• **Your instructions**: With the line containing "Blue Silver Balloon Arch" as the start and the line containing "Arms Around Each" as the end, transcribe that span of the entries below exactly, including both.

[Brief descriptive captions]
>>

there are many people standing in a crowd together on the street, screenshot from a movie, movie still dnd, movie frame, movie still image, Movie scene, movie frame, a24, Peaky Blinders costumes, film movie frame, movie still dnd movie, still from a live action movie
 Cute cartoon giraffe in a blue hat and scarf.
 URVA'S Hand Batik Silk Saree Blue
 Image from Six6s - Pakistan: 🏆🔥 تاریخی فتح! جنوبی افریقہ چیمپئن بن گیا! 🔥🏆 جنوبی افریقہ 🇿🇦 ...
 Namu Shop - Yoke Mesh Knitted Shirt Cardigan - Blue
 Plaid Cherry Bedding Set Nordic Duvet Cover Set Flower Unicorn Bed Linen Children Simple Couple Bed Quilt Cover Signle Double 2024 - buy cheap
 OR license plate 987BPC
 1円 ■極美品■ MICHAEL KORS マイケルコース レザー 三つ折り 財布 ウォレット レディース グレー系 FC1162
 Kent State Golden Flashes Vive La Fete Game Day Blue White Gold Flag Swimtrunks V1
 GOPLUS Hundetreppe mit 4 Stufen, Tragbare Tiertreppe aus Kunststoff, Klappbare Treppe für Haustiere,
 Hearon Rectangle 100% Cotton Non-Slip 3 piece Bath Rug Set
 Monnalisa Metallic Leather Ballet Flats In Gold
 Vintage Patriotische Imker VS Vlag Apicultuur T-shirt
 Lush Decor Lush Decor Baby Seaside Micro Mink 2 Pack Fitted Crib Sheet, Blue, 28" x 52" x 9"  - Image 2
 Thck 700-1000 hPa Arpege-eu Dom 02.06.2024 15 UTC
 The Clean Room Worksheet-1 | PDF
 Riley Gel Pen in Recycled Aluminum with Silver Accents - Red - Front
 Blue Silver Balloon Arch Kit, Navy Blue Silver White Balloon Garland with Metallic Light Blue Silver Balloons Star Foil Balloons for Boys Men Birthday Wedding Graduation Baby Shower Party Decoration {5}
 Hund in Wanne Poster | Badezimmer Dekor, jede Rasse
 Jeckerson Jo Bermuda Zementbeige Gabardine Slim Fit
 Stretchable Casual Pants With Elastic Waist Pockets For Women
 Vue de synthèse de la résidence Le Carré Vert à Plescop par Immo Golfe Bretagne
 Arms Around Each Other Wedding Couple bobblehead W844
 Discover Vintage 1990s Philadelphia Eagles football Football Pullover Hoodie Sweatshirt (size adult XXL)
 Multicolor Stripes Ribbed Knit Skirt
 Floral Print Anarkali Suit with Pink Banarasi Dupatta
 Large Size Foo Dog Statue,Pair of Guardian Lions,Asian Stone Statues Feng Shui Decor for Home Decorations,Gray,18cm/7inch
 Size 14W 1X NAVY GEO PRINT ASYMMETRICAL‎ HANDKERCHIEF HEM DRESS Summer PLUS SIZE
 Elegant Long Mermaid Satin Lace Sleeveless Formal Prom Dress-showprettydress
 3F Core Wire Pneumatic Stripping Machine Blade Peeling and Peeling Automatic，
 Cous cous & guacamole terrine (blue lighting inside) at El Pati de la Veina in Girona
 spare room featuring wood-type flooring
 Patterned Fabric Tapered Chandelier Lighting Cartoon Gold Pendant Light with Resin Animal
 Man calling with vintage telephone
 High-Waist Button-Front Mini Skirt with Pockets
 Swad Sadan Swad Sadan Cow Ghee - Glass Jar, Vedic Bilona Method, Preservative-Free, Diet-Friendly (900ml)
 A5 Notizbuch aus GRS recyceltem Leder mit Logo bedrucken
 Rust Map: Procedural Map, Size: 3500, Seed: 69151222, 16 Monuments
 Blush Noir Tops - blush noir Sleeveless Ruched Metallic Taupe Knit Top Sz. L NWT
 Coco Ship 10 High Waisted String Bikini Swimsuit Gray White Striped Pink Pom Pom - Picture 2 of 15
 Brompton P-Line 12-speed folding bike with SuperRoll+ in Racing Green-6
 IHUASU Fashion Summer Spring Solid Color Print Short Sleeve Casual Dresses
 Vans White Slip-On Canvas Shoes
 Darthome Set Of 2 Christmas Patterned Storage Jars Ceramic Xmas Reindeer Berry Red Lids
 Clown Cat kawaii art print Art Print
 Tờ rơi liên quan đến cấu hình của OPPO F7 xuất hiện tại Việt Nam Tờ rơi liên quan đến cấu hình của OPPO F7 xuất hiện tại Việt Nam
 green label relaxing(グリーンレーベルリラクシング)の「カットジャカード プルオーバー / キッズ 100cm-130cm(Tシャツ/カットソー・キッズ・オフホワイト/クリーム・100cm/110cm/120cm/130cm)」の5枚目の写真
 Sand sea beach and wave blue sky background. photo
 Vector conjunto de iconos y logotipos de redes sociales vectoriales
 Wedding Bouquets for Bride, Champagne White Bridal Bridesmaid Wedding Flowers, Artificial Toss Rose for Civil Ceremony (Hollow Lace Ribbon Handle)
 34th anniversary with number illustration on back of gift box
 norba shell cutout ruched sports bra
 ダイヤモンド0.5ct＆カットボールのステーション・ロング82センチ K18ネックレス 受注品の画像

<<

• **Response below**:
 Blue Silver Balloon Arch Kit, Navy Blue Silver White Balloon Garland with Metallic Light Blue Silver Balloons Star Foil Balloons for Boys Men Birthday Wedding Graduation Baby Shower Party Decoration {5}
 Hund in Wanne Poster | Badezimmer Dekor, jede Rasse
 Jeckerson Jo Bermuda Zementbeige Gabardine Slim Fit
 Stretchable Casual Pants With Elastic Waist Pockets For Women
 Vue de synthèse de la résidence Le Carré Vert à Plescop par Immo Golfe Bretagne
 Arms Around Each Other Wedding Couple bobblehead W844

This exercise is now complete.